In light of the potential for no agreement, EU diplomats are proactively preparing countermeasures. If the U.S. imposes 30% tariffs starting August 1, the EU has ready counter-tariffs targeting €93 billion (approximately $109 billion) worth of U.S. goods. During a teleconference held by EU government ambassadors on a weekend trip to Greenland, officials discussed the level of flexibility that von der Leyen would have during the negotiations.
Sources indicate that the eventual deal could mirror the recent U.S.-Japan trade agreement, featuring a broad 15% tariff on EU goods entering the U.S. Additionally, there might be a 50% tariff on European steel and aluminium, accompanied by potential export quotas. Given that the U.S. and EU are each other's largest trading partners, accounting for a third of global trade, successfully negotiating this deal is crucial.
As negotiations unfold, there is speculation that the EU could secure exemptions from the 15% baseline tariff for specific industries, including aerospace and spirits, although exemptions for wine are less likely. Furthermore, the EU may commit to increasing its purchase of liquefied natural gas from the U.S., a proposal that has been in discussion for some time, along with pledging to enhance investment in the U.S. economy.
President Trump has indicated that there is limited flexibility regarding the 50% tariffs on steel and aluminium imports, stating, “If I do it for one, I have to do it for all.” Upon arriving in Scotland, Trump acknowledged von der Leyen as a highly respected leader and expressed eagerness for their discussions, noting a 50-50 chance of reaching a framework trade pact. With the EU currently facing U.S. tariffs on over 70% of its exports, including a 25% tariff on cars and car parts, the stakes are high for both sides.

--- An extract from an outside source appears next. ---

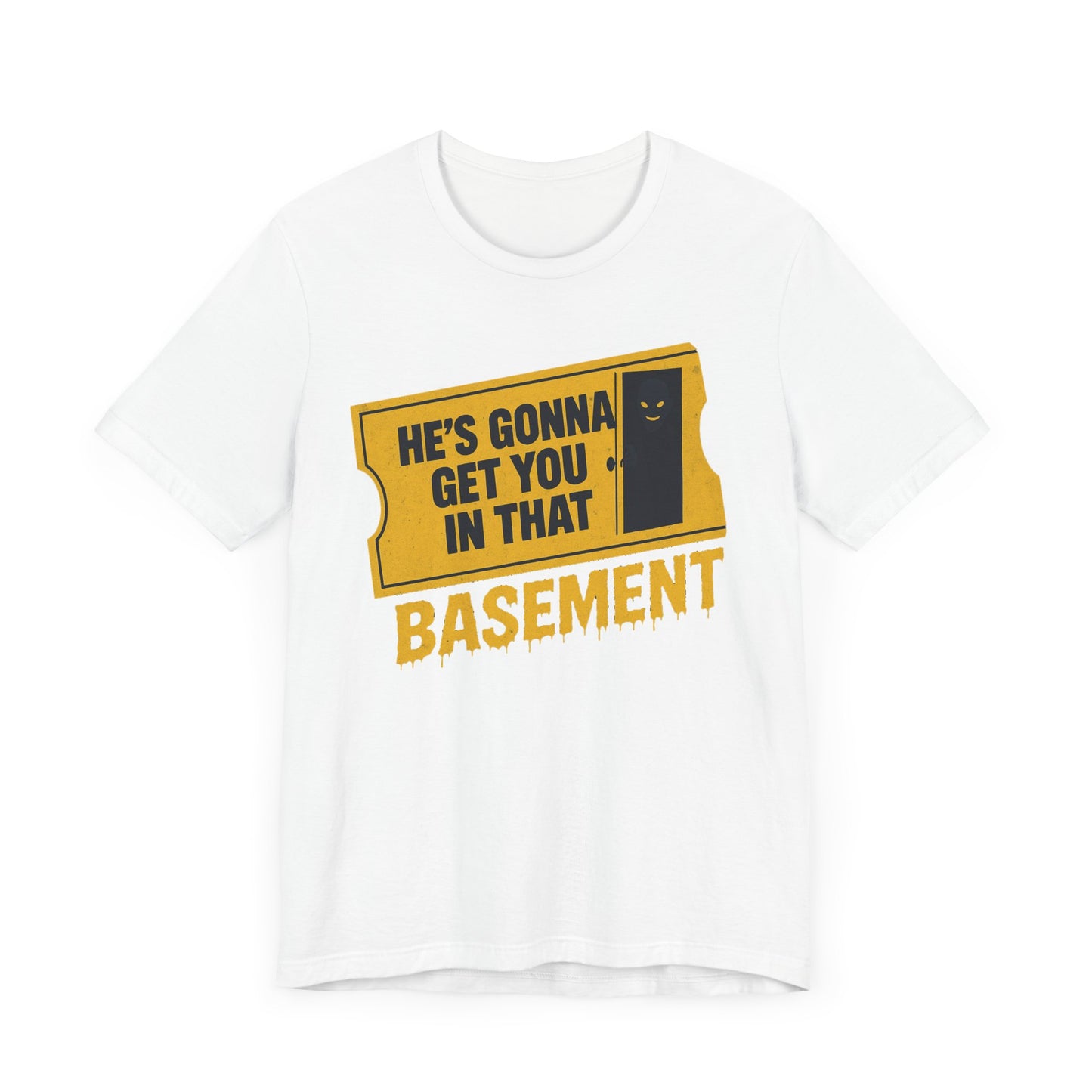 [LIMITED EDITION] He's Gonna Get you in That Basement Shirt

The looming threat of increased tariffs has already begun to impact the profitability of EU companies across various sectors. A 15% tariff on most EU goods would alleviate some uncertainty but would likely be perceived as a disappointing outcome compared to the EU's initial goal of achieving a zero-for-zero tariff deal on all industrial products. Learning from Japan's recent success in securing a 15% baseline tariff, EU negotiators have consulted with their Japanese counterparts to better prepare for the upcoming meeting.

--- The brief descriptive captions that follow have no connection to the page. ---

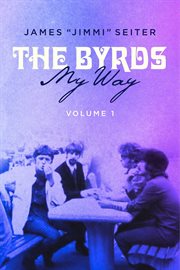 The byrds - my way, volume 1 cover image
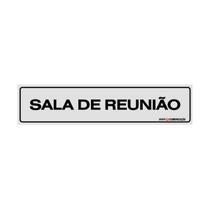 Placa De Sinalização Sala De Reunião 30x7 Qi Comunicação - B-523/2 Q1a
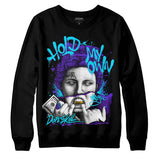 Aqua 6s DopeSkill Sweatshirt Hold My Own Graphic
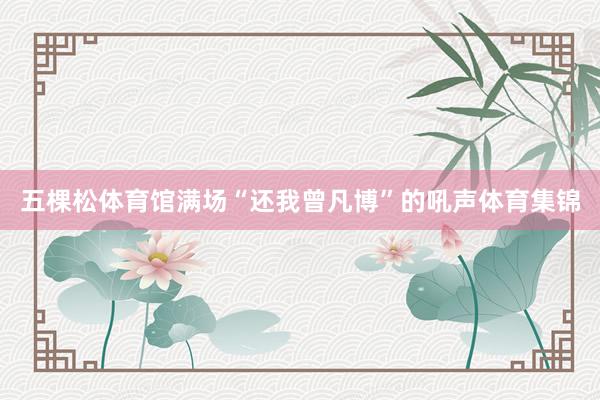 五棵松体育馆满场“还我曾凡博”的吼声体育集锦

For President Trump, establishing a trade agreement with the EU would represent a significant milestone in his efforts to reshape the global economy and address longstanding U.S. trade deficits. A successful deal would surpass even the $550 billion agreement with Japan. To date, the Trump administration has negotiated agreements with several countries, including the UK, Japan, Indonesia, and Vietnam, but has yet to deliver on the ambitious promise of 90 deals in 90 days.